### WORK TO BE COMPLETED
An exact reprint of the listing is required, with no pictures included.

SUPPLIED INFORMATION: Begin

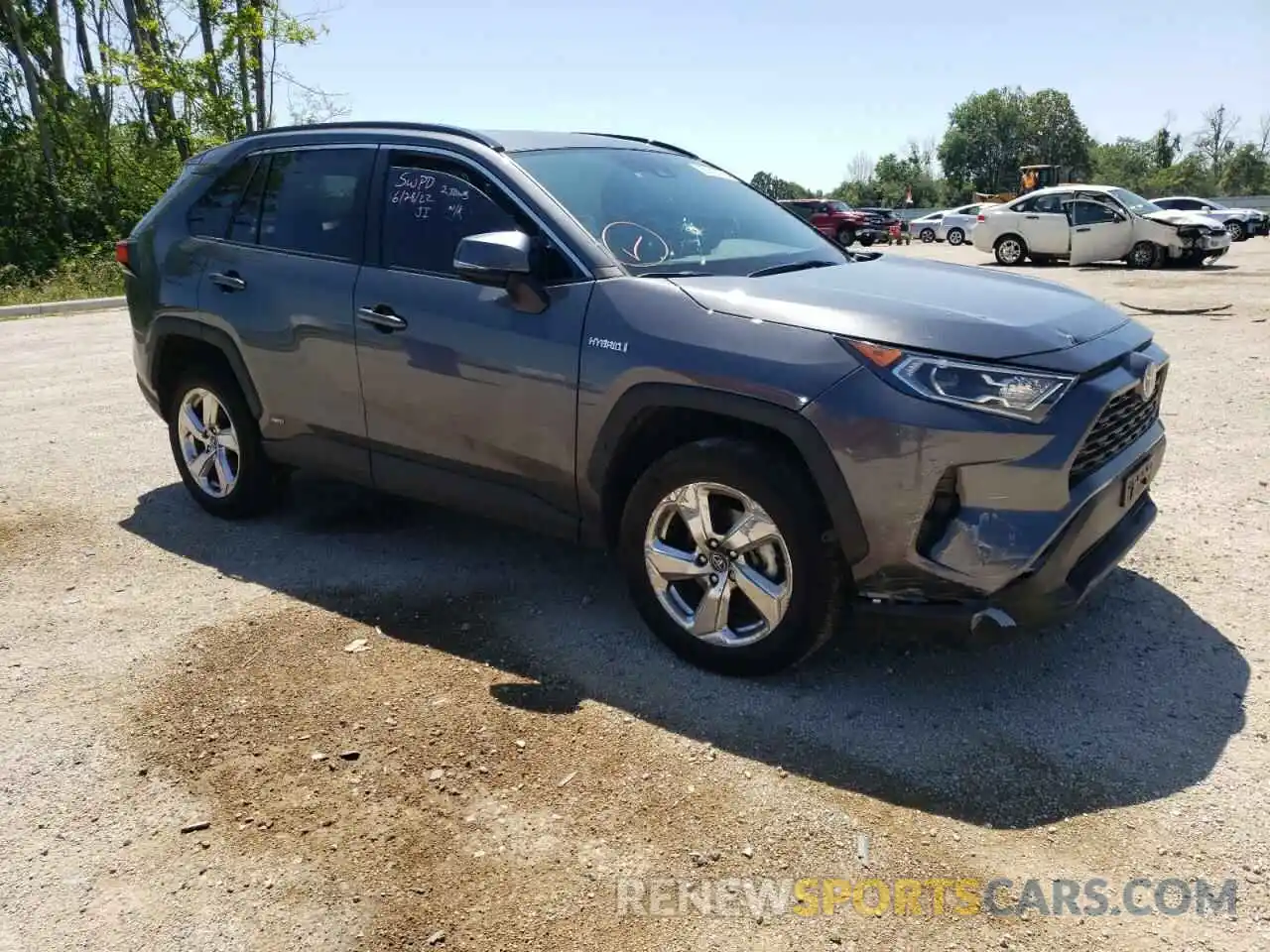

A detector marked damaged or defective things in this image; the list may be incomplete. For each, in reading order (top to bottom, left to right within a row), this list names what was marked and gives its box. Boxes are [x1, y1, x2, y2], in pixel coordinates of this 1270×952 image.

cracked bumper cover [808, 347, 1163, 629]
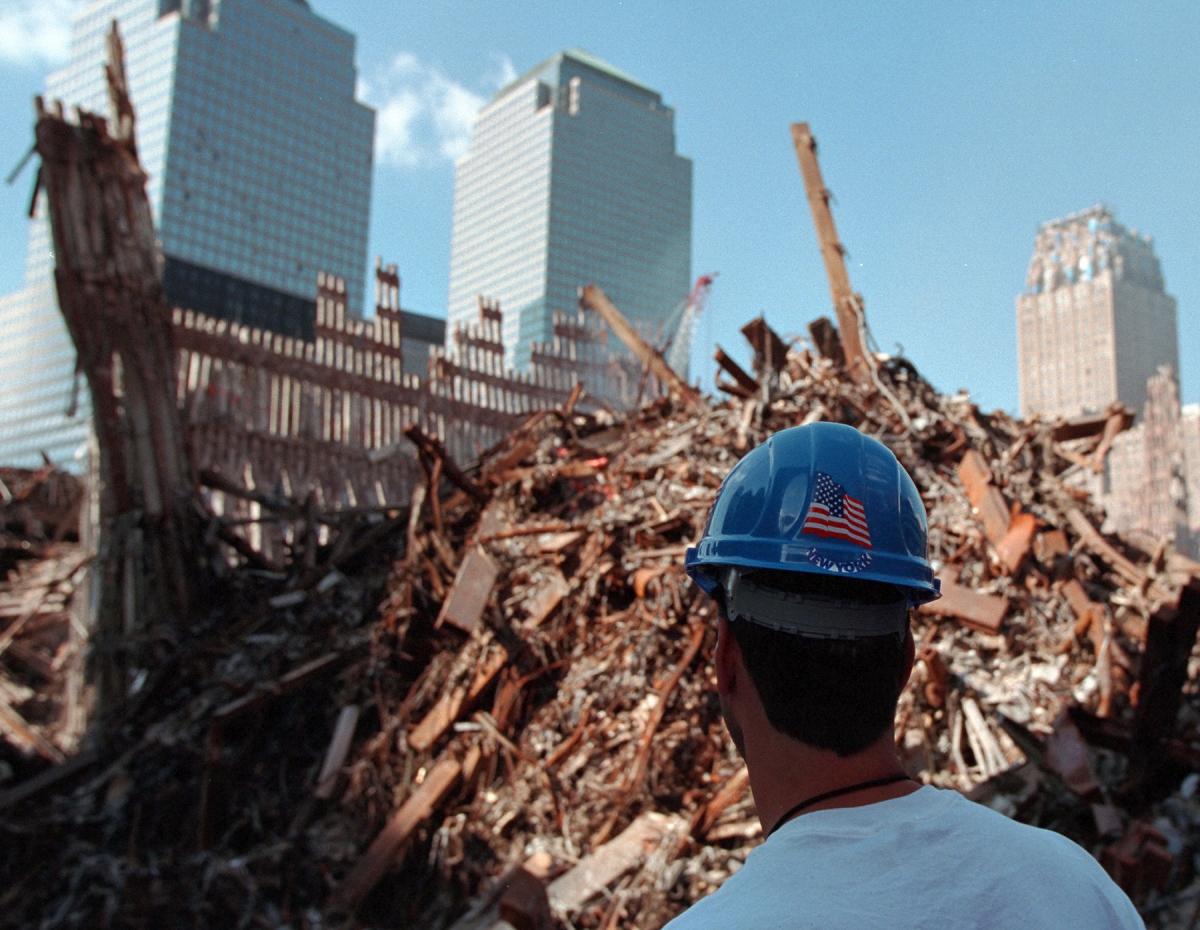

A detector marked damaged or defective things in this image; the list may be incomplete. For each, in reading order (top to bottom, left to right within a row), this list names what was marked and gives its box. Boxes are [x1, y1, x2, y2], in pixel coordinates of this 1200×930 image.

rusted steel [792, 123, 868, 386]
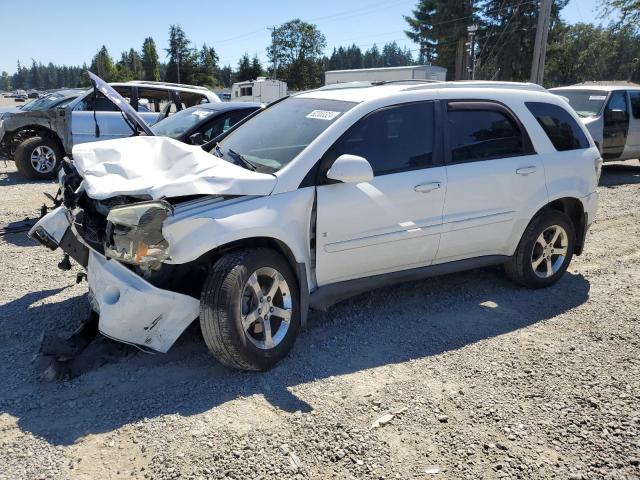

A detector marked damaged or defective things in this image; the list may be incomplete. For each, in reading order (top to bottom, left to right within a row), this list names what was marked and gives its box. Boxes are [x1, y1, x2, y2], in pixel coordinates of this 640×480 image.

wrecked vehicle [0, 88, 83, 178]
wrecked vehicle [0, 79, 220, 180]
deployed airbag [72, 136, 278, 200]
crumpled fender [72, 136, 278, 200]
broken headlight [105, 199, 175, 266]
crashed chevrolet equinox [28, 79, 600, 372]
wrecked vehicle [30, 78, 600, 372]
damaged bumper [86, 251, 199, 352]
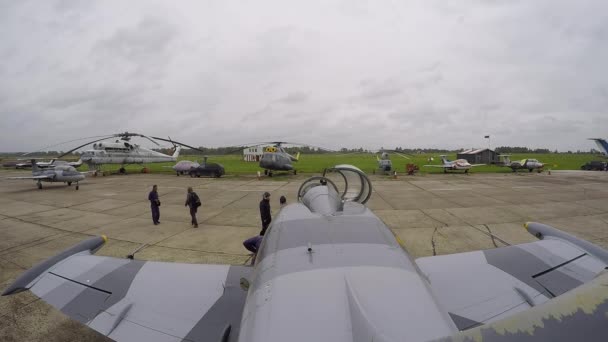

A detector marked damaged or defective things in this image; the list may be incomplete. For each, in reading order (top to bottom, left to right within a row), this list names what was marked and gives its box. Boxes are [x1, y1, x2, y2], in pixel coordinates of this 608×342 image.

SUPPLIED INFORMATION: End

### ANSWER TO THE PROBLEM
A detector marked damaged or defective things in this image; the list may be incomplete. For each, in reading order (top to bottom, left to right within a row), this list names what was marked and gives its box. Boxes are [x1, y1, x2, y2], in pixel coordinates of this 1270×952 image.

cracked bumper cover [808, 347, 1163, 629]

A detector marked damaged or defective things in this image; the list may be incomplete. For each, in reading order (top to bottom, left to right within a row), this list names what was marked and gives its box. Boxes are [x1, y1, x2, y2], in pixel coordinates of this 1200×930 image.

rusted steel [792, 123, 868, 386]

A detector marked damaged or defective things in this image; the list may be incomplete. For each, in reading order (top to bottom, left to right within a row), this list names what was marked and gives its box. Boxes are [x1, y1, x2, y2], in pixel coordinates of this 640×480 image.

wrecked vehicle [0, 88, 83, 178]
wrecked vehicle [0, 79, 220, 180]
deployed airbag [72, 136, 278, 200]
crumpled fender [72, 136, 278, 200]
broken headlight [105, 199, 175, 266]
crashed chevrolet equinox [28, 79, 600, 372]
wrecked vehicle [30, 78, 600, 372]
damaged bumper [86, 251, 199, 352]

A detector marked damaged or defective things in this image; the list may be incomplete. For each, in reading order (top to bottom, left to right within a row), this list names what was marked and gives its box. Boxes are [x1, y1, x2, y2], in pixel coordinates of this 608×342 image.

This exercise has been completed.